Originally Posted by fanfan1609
Let N have primitive roots .Which the way does find all primitive roots generally ? I think if testing all i ,(i,N)=1, is so long
THanks

There is no known way to find primitive roots. There are methods which make it faster. Of course, a computer program is the best way to go. See this.
• May 13th 2008, 08:49 PM
fanfan1609
Quote:

Originally Posted by ThePerfectHacker
There is no known way to find primitive roots. There are methods which make it faster. Of course, a computer program is the best way to go. See this.

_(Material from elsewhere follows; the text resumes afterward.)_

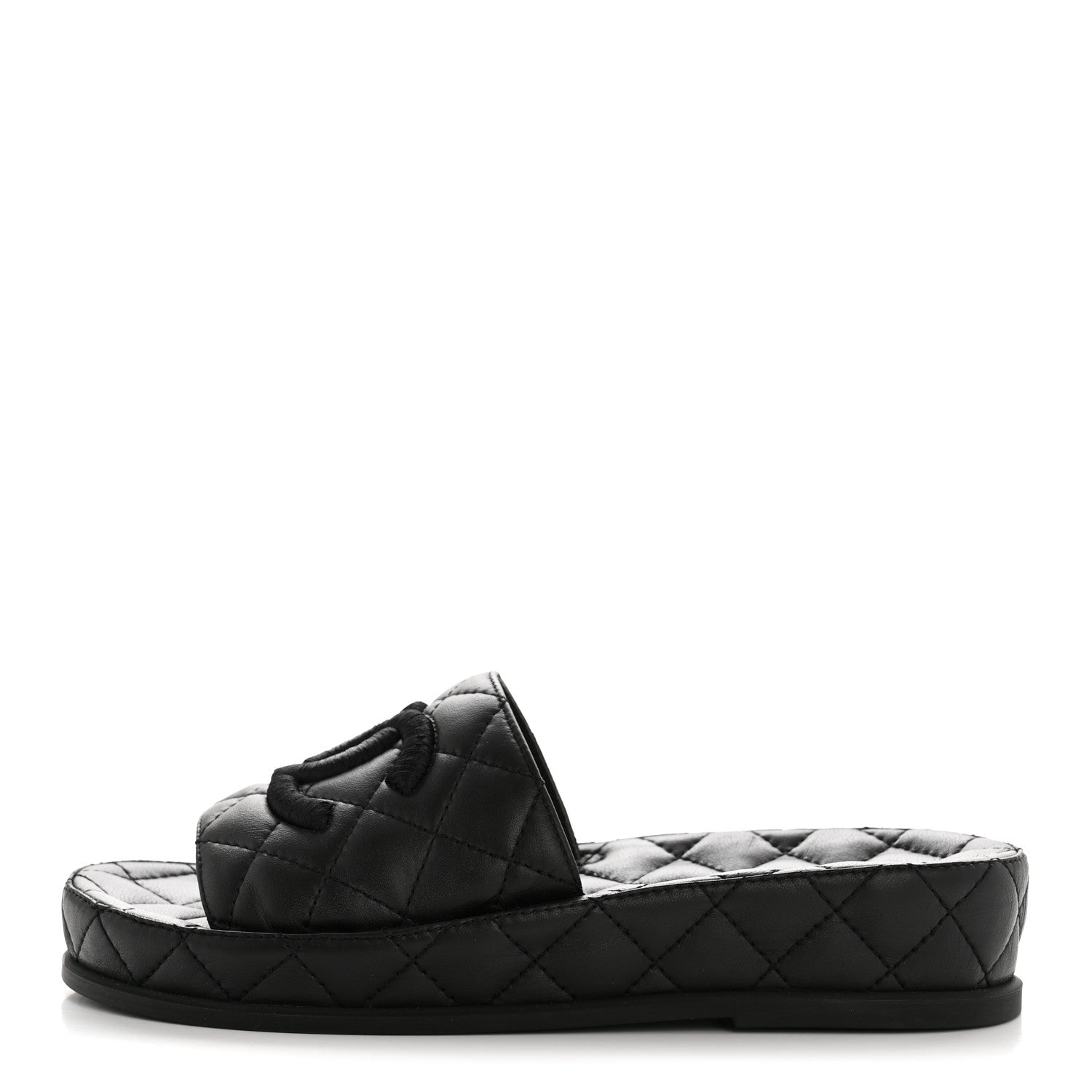 Chanel Lambskin Quilted CC Mules Sandals 35 Black 1 of 11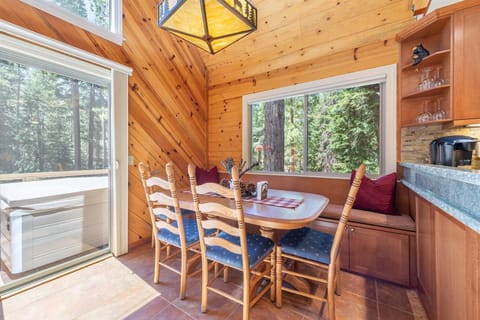 Dining for six: Enjoy comfort and conversation in the dining area that seamlessly opens up to the main living room and kitchen.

I also know that way .YOu can help me my problem .
find the primitive root of 11^2 if we know 2,3 is primitive root of 11.
My teacher said that "if p is primitive root of N ,or p or p+N is primitive root of N^2 " but he didn't said the general primitive root of 11^2.
You can help me ?
Thanks
• May 13th 2008, 09:08 PM
ThePerfectHacker
For 11 you can use a simple fact that if $\displaystyle p$ is a odd prime and $\displaystyle (p-1)/2$ is also a prime then $\displaystyle 2$ is a primitive root for $\displaystyle p$. I leave that for you to prove.
• May 13th 2008, 10:38 PM
fanfan1609
Quote:

Originally Posted by ThePerfectHacker
For 11 you can use a simple fact that if $\displaystyle p$ is a odd prime and $\displaystyle (p-1)/2$ is also a prime then $\displaystyle 2$ is a primitive root for $\displaystyle p$. I leave that for you to prove.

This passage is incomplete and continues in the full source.